Friday, January 12, 2007

Sectarian bigotry

S.M. Hutchens at Touchstone Magazine's Mere Comments, writes about the Roman Catholic/Protestant divide in the context of growing up in an Evangelical church in a community with many Catholics:
The few Catholic fanatics I encountered, including the Marian ones, looked very much like Protestant fanatics I knew - just with different objects for their fanaticism. A lot of the Catholic nuts clustered around Mary just like the Protestant nuts (in my church, anyway) clustered around end-times prophecy - but a nut is a nut, wherever you find him.

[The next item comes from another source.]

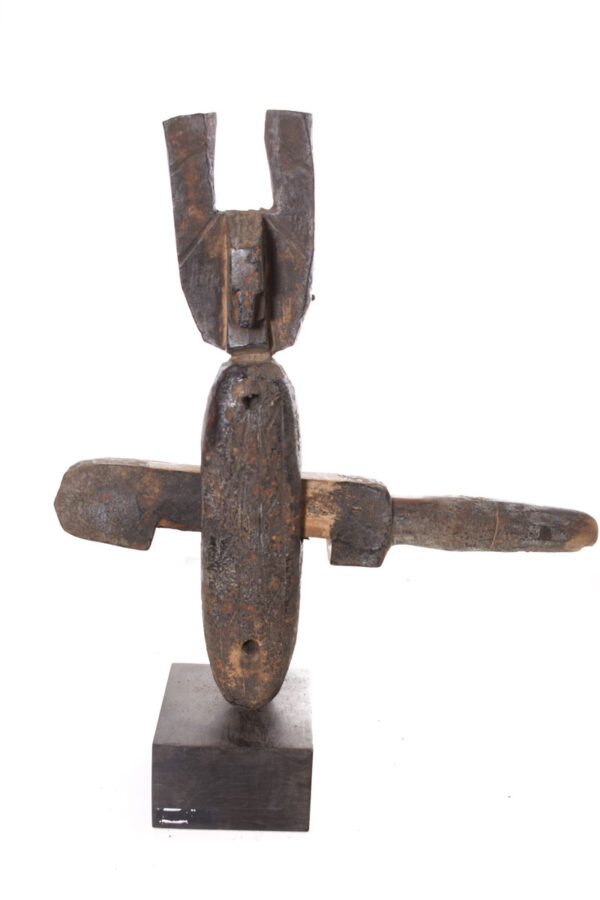 Door lock - Wood - Bambara - Mali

The Catholics who hated Protestants suffered from the same personality flaws as their Protestant counterparts. As far as earning their salvation by good works was concerned, I knew no official Catholic doctrine, but did notice that Catholic legalists and bean counters, who really thought they could, were the kind of people who you would expect to: either obsessive types or people who relied on their baptisms for salvation because they preferred this to walking with God. They were a lot like the Baptists who thought their souls were eternally secure because at some time in their lives a preacher got them whupped up enough to get saved. Neither of them seemed to be trusting in the God of the Bible, who clearly was not the kind of salvation machine they took him for.
It does seem that, increasingly, orthodox believers in all Christian denominations recognize the importance of their commonalities in the face of the tenuous and uncertain doctrinal commitments of the theological liberals in their traditions.